Это Сюзанна Джастис. Переворошив груду блузок, она вытягивает одну, двубортную, с узором в мелкую ломаную клетку — отлично подойдет к ее слаксам из коричневого вельвета.
— Я и сама не думала, — смеется Марч. — Совсем не мой типаж.
Они осторожны друг с другом с тех пор, как Марч переехала к Холлису. Сьюзи вняла совету доброжелателей и держит рот на замке, но никто не обеспокоился объяснить ей, как в таком случае вести себя при встрече с подругой.
— Что ж, — роняет Сьюзи.
— Что ж, — улыбается Марч. — Ты прекрасно выглядишь.
На самом деле это Марч прекрасно выглядит. На ней старые широкие брюки и плотный красный свитер, купленный за три доллара сегодня утром в ее же собственном киоске. На вид она изрядно потеряла в весе. Черты лица стали рельефнее, темные глаза — глубже и насыщенней. «Это любовь, не иначе», — догадывается Сьюзи, и Марч улыбается, разгадав взгляд подруги.

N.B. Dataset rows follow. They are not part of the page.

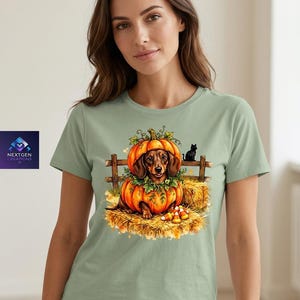 May include: A sage green t-shirt featuring a graphic print of a brown dachshund sitting inside a large orange pumpkin. The scene includes a wooden fence, a small black cat, hay bales, and candy corn. The logo NEXTGEN CREATIONS is visible.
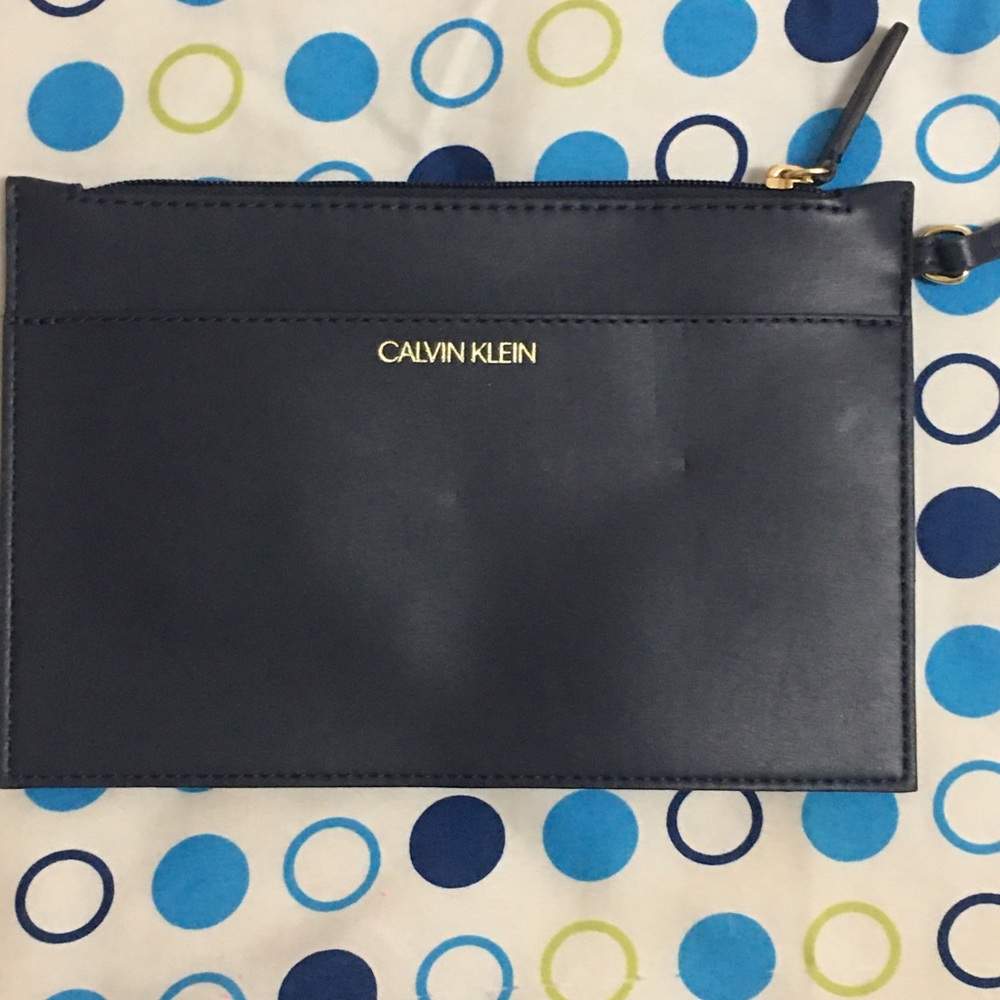 🦋Calvin Klein Black Leather Clutch with Gold Branding⭐️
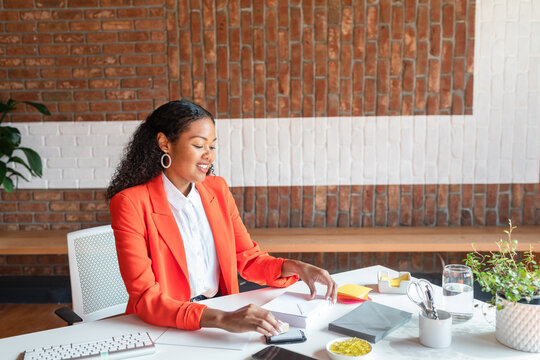 Elegant project manager working at office desk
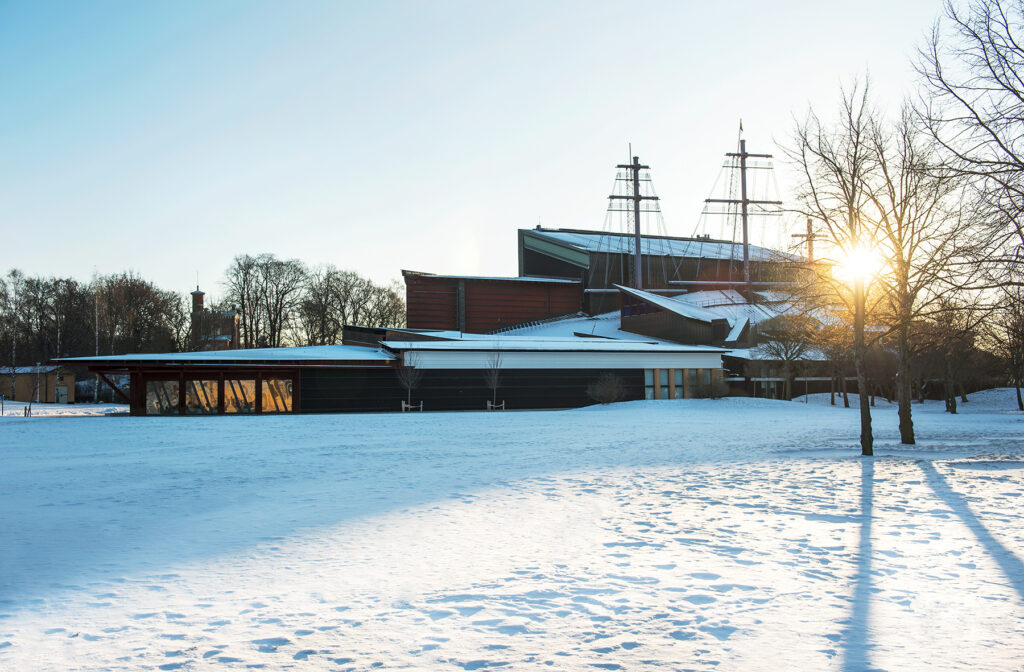 I förgrunden snötäcke och i bakgrunden museibyggnade i tre våningar med höga båtmaster i solnedgång.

— Моя мать все еще надеется, что ты придешь к нам на День благодарения.
— Как мило с ее стороны, но мне нужно посоветоваться с Холлисом. Он терпеть не может этот праздник. Считает, что индейка несъедобна.
— Все равно приводи его. — Сьюзи очень старается, чтобы голос звучал искренне. — Будет есть бутерброды с колбасой.
Ее нынешнее старание, однако, вовсе не означает, что она оставила попытки побольше разузнать о Холлисе. Сьюзи ездила в Бостон, в суд по делам несовершеннолетних, но, даже пустив в ход дружеские связи Эда, ничего существенного не нашла. Такое впечатление, будто Холлиса вообще тогда не существовало. Может, кто-то просто стер, как губкой, неприглядное пятно с его биографии? Кто? Генри Мюррей с его чересчур добрым сердцем и верой в гуманизм? И все же Сьюзи по-прежнему нутром чует: взгляни она пристальнее, и выплывут наружу такие факты, которые заставят Марч если не бежать без оглядки с фермы Гардиан, то по крайней мере хорошенько задуматься.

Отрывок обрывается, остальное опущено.